Tuesday, March 31, 2015


I like to travel quietly, never in large groups, and as much as possible to soak in the local culture. This is how I would prefer it to always be but I have to admit I am a tourist, especially in a country where just by the way I look (pale skin with blue eyes and a travel book) I stand out like a sore thumb. Anyway, I have been a true tourist sometimes on this trip. Last weekend was a good example. The whole Guatemala Casira team travelled to Lago Atitlan by bus to visit the area. The bus is actually a former school bus from Quebec, painted white and sporting the many bumps and dents that are required to be on the road in this country. It still wears the logo of La Maison du Père, the Montreal organisation(shelter) from whom it was purchased.

Pierre and I visited Lake Atitlan on out trip here in 1974. It has of coursed changed a lot, as has the rest of the country. But I remember the beach on the lake in Panajachel where we parked our van and camped. That area is now part gravel and part sand, but there is a parking lot above it where the buses and vans park. And outside the window of our simple hotel this time, there were two similar vans parked. They were from Argentina and were travelling from the southern time of South America, to the most northern of Central America. As they cooked their meal behind the van and then closed up so they could sleep inside, I was once again taken back to the when we did the same.

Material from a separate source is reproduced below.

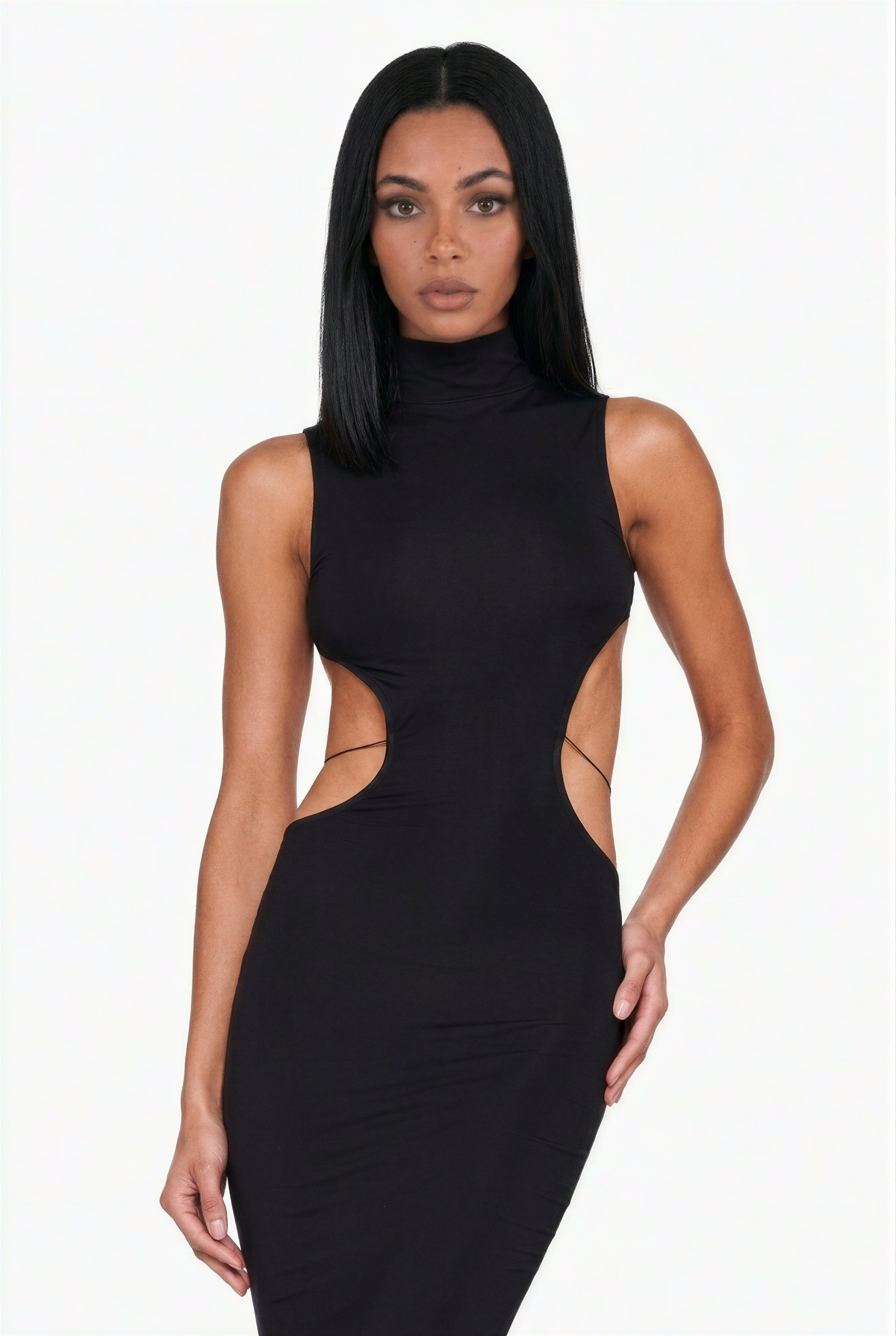 Black Open Back Strappy Maxi Dress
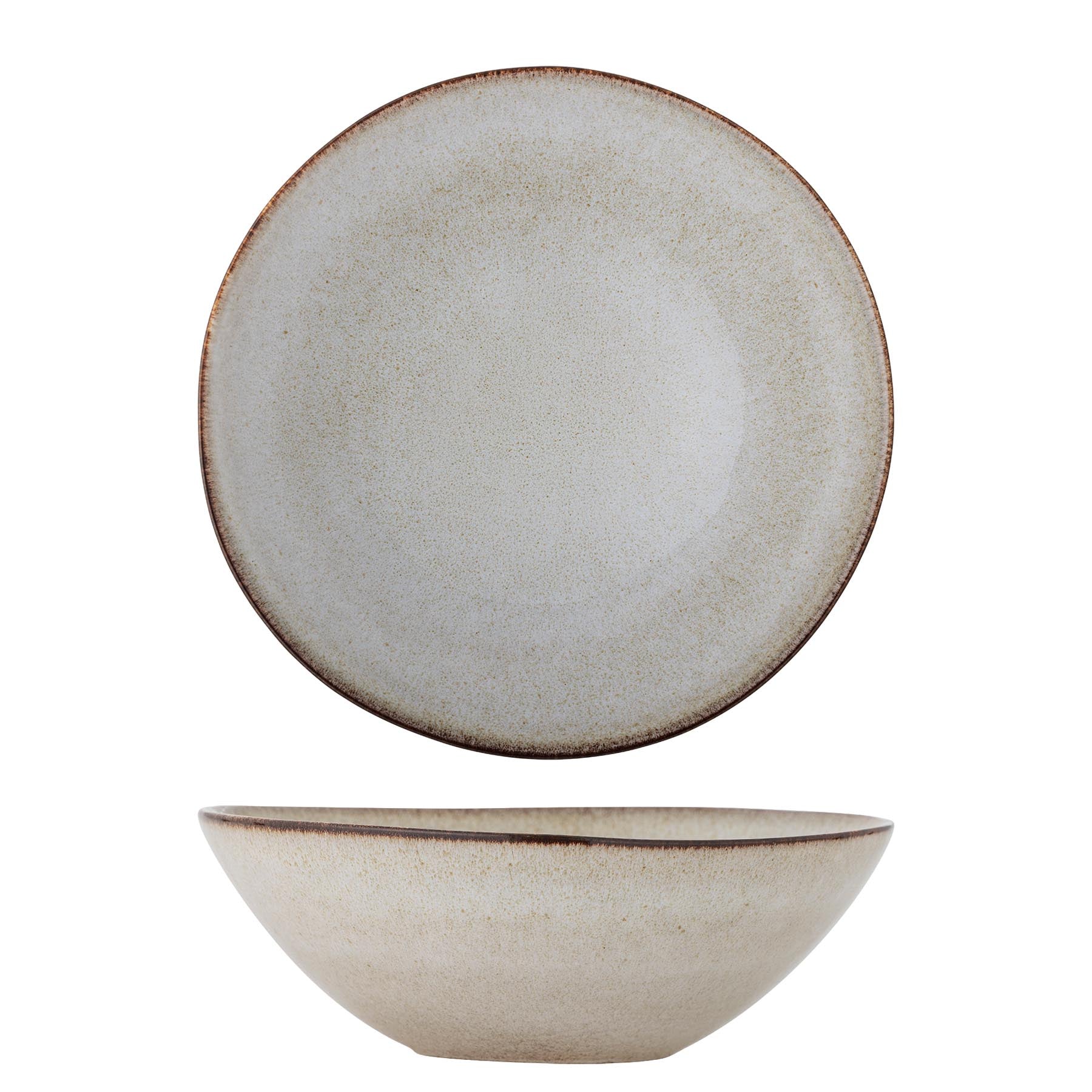 Sandrine Schale, Natur, Steingut in Nature präsentiert im Onlineshop von KAQTU Design AG. Schale ist von Bloomingville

The beach at Panajachel (40 years later)

The little girls in their traditional Mayan skirts and blouses (huipil) still look the same. They follow any tourist that arrives in town, trying to sell bracelets or beaded quetzals. 40 years ago the birds were made of dried corn leaves but that is the only difference.

The towns throughout Guatemala are busy this time of year because of Holy week. Every village has streets lined with colourful carpets made from tinted sawdust or corn meal. This is a tradition here and we saw people working on the carpets in many places. They will only last until a procession carrying Jesus and Mary on heavy wooden platforms passes over them.
In the churches in San Antonio and Santa Caterina de Polopa as well as others we visited, the women were decorating the altars and the men were putting the final touches on the large figures that represent the Easter passion.

Float waiting for a procession

It is interesting to see the mixture of Mayan and Catholic traditions that are part of the religious culture here. We saw groups of women weaving large crosses for Palm Sunday. They add flowers and other things to these beautiful crosses, very different from the dried ones that are manufactured on a large scale for Palm Sunday at home.

Church steps in Chichicastenango: a mix of Mayan and Christian tradition

The church in Chichicastenango was full to the hilt on Sunday. There was no room even to squeeze in. Whole families were sitting or standing everywhere there was an inch to do so. Mass was celebrated in Spanish and Quetchi, the Mayan dialect spoken here.
Although this is a very Catholic country as is evident during this week of celebration, with long slow processions every day and night (right out of a Fellini movie), there are hundreds of evangelical churches scattered through the towns. They too appear to take part in the Easter celebrations, as does everyone here this week.